REQUIREMENT: Print every line of the material below exactly as it stands, but omit the pictures.

-------- SUPPLIED DATA --------

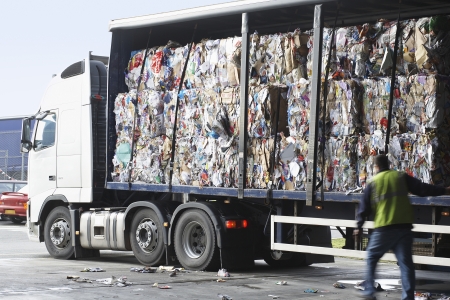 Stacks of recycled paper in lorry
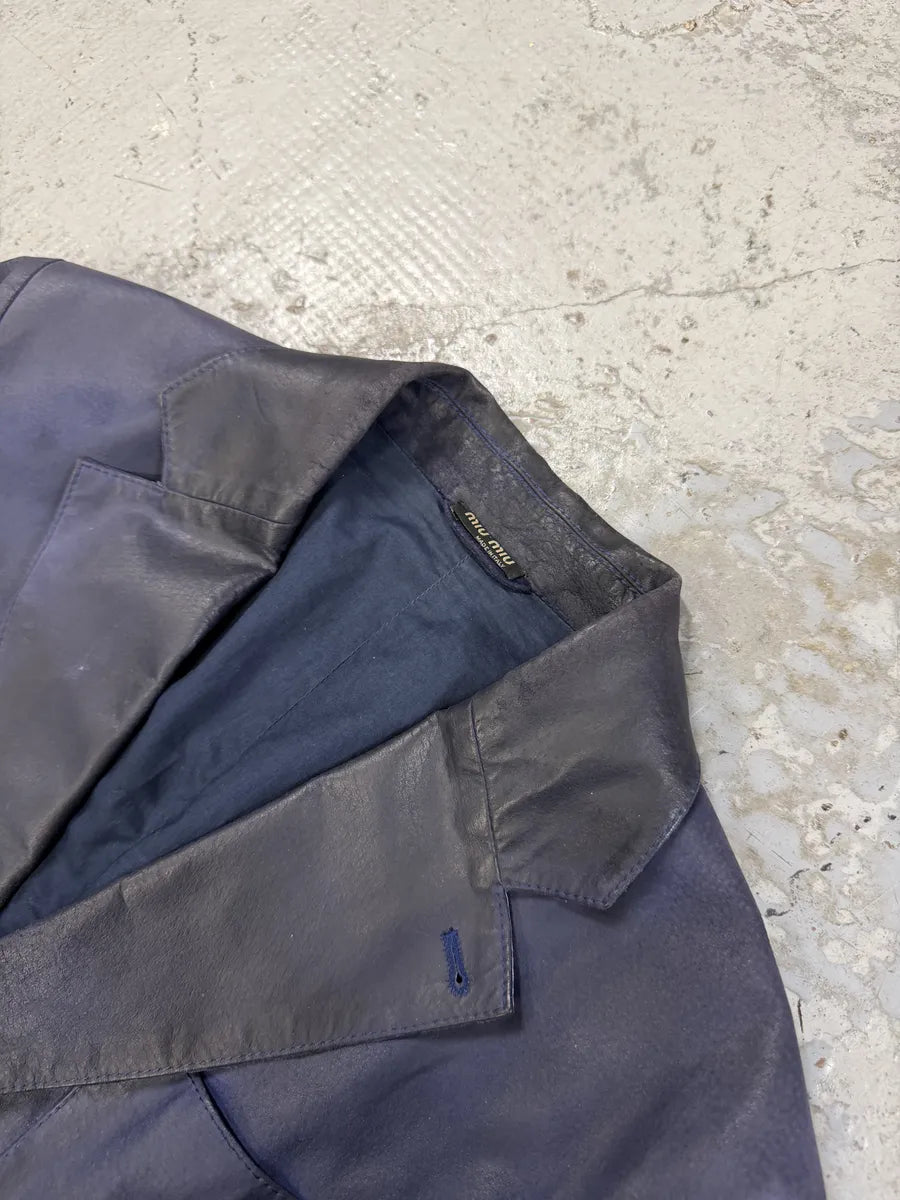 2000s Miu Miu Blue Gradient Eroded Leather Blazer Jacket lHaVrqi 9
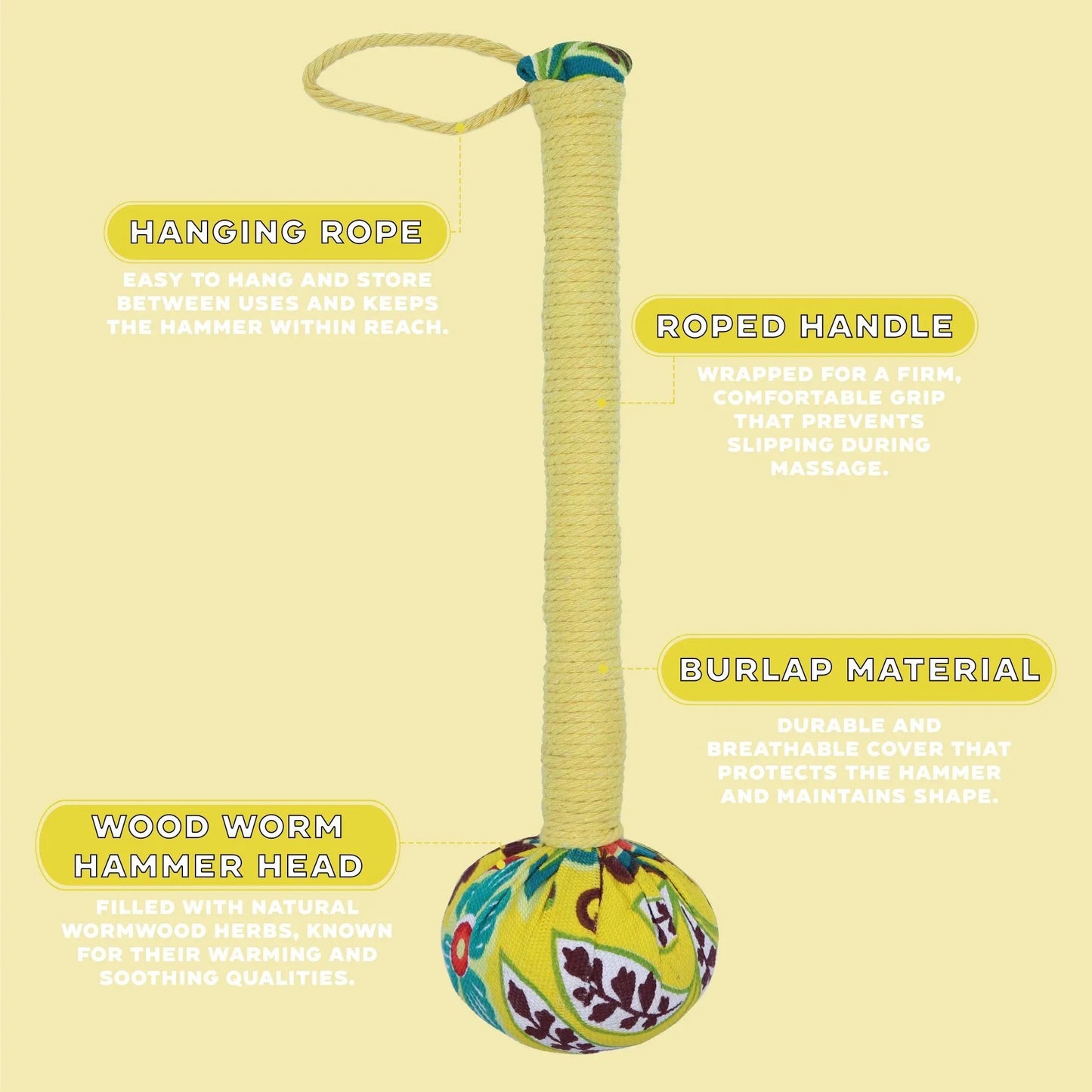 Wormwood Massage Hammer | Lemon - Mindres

--------

ANSWER TO THIS EXERCISE:
 Stacks of recycled paper in lorry
 2000s Miu Miu Blue Gradient Eroded Leather Blazer Jacket lHaVrqi 9
 Wormwood Massage Hammer | Lemon - Mindres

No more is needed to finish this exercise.